### Your assignment
Word for word, restate the entries below, but exclude the images.

### Materials provided
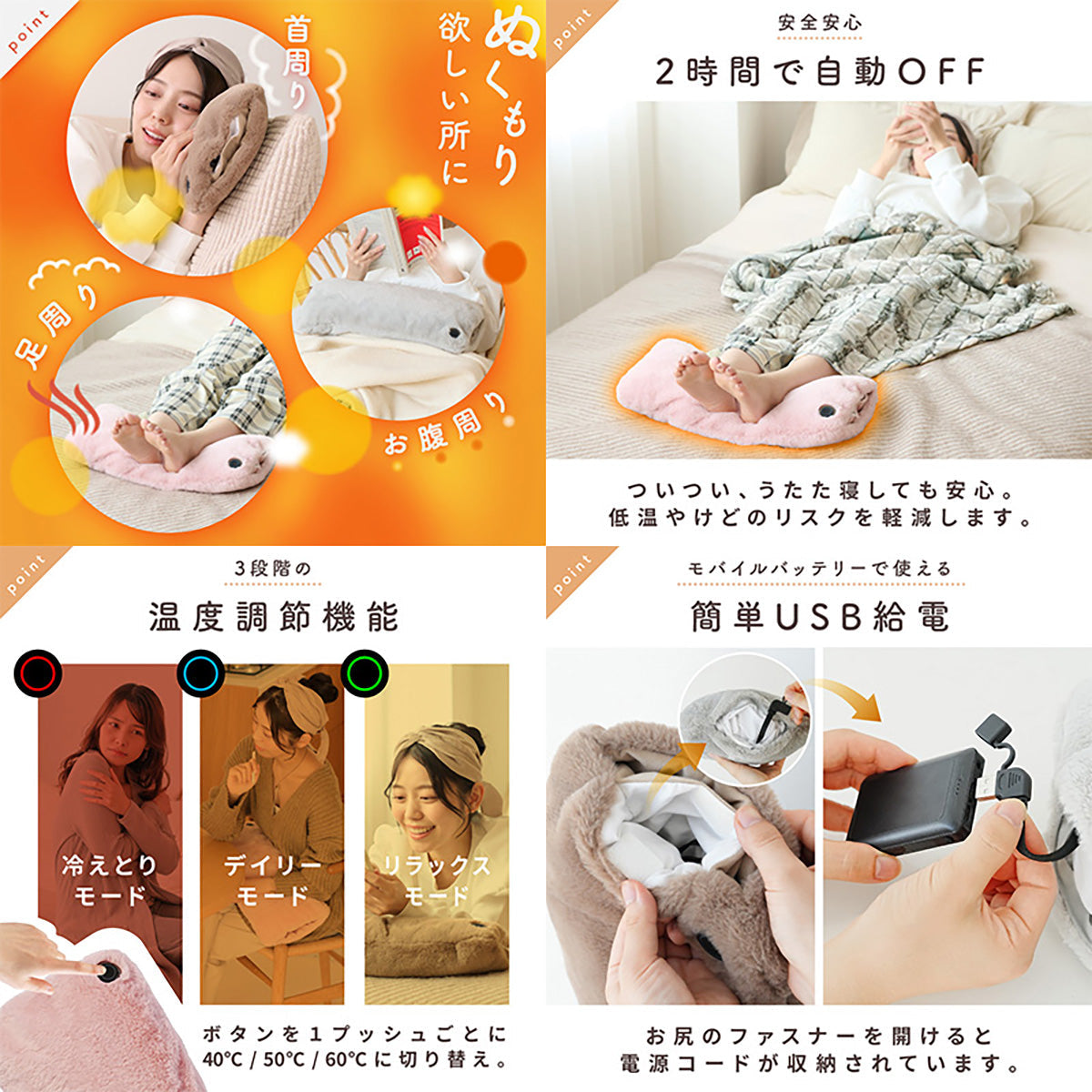 ENETANPO グラフェン ホットウォーマー クッション型 USBヒーター 3段階温度 2時間自動オフ 洗えるカバー 軽量 カーキ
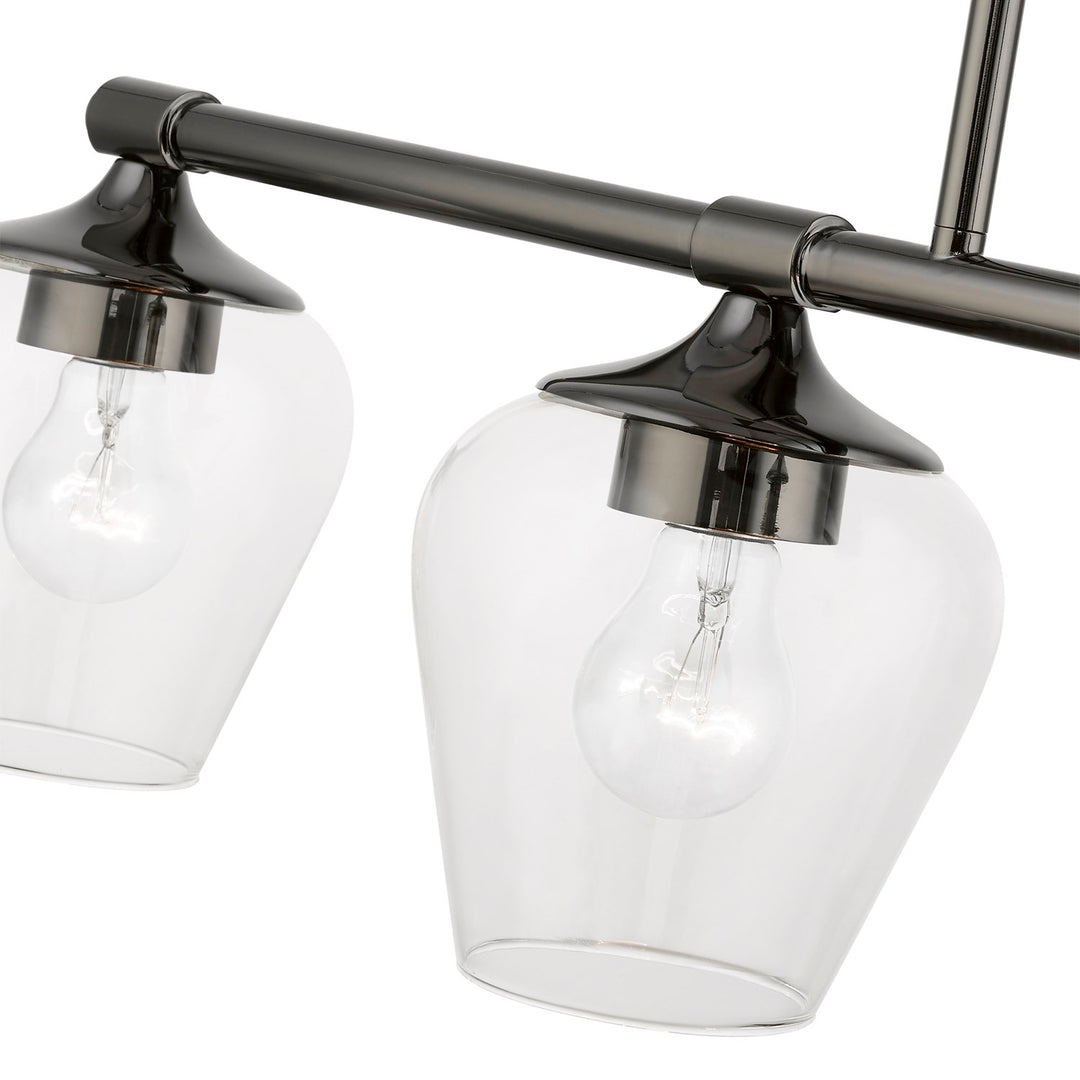 4 Light Black Chrome Linear Chandelier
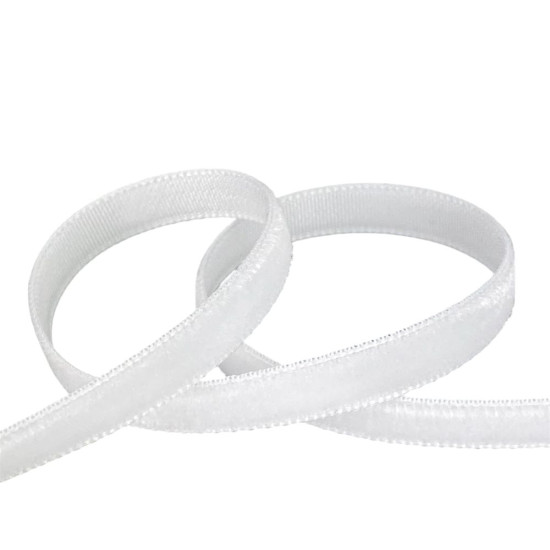 Бархатная лента  0,6 см х 50 ярдов Белый Marill (D00806- C 01)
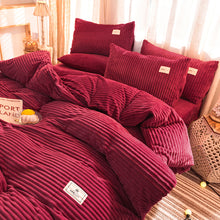 Load image into Gallery viewer, Soft Corduroy Velvet Fleece Quilt Cover Set - Red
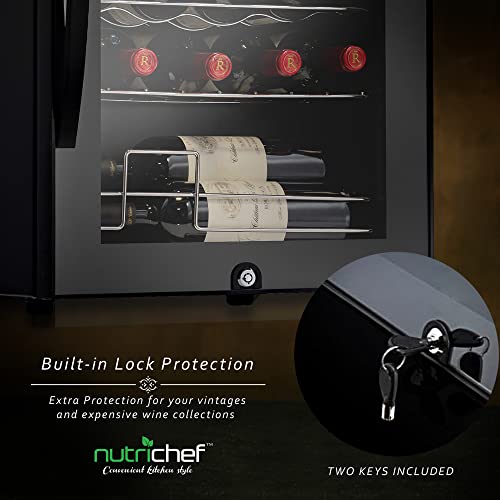 NutriChef 24 Bottle Compressor Wine Cooler Refrigerator Cooling System | Large Freestanding Wine Cellar Fridge For Red And White Champagne or Sparkling, Black Glass Door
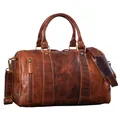 Produktbild: STILORD 'Keanu' Leder Weekender Herren kleine Vintage Reisetasche zum Umhängen Handgepäck Reisegepäck in Kabinengröße echtes Rindsleder, Farbe:Kara - Cognac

### Your response
 ENETANPO グラフェン ホットウォーマー クッション型 USBヒーター 3段階温度 2時間自動オフ 洗えるカバー 軽量 カーキ
 4 Light Black Chrome Linear Chandelier
 Бархатная лента  0,6 см х 50 ярдов Белый Marill (D00806- C 01)
 Load image into Gallery viewer, Soft Corduroy Velvet Fleece Quilt Cover Set - Red
 NutriChef 24 Bottle Compressor Wine Cooler Refrigerator Cooling System | Large Freestanding Wine Cellar Fridge For Red And White Champagne or Sparkling, Black Glass Door
 Produktbild: STILORD 'Keanu' Leder Weekender Herren kleine Vintage Reisetasche zum Umhängen Handgepäck Reisegepäck in Kabinengröße echtes Rindsleder, Farbe:Kara - Cognac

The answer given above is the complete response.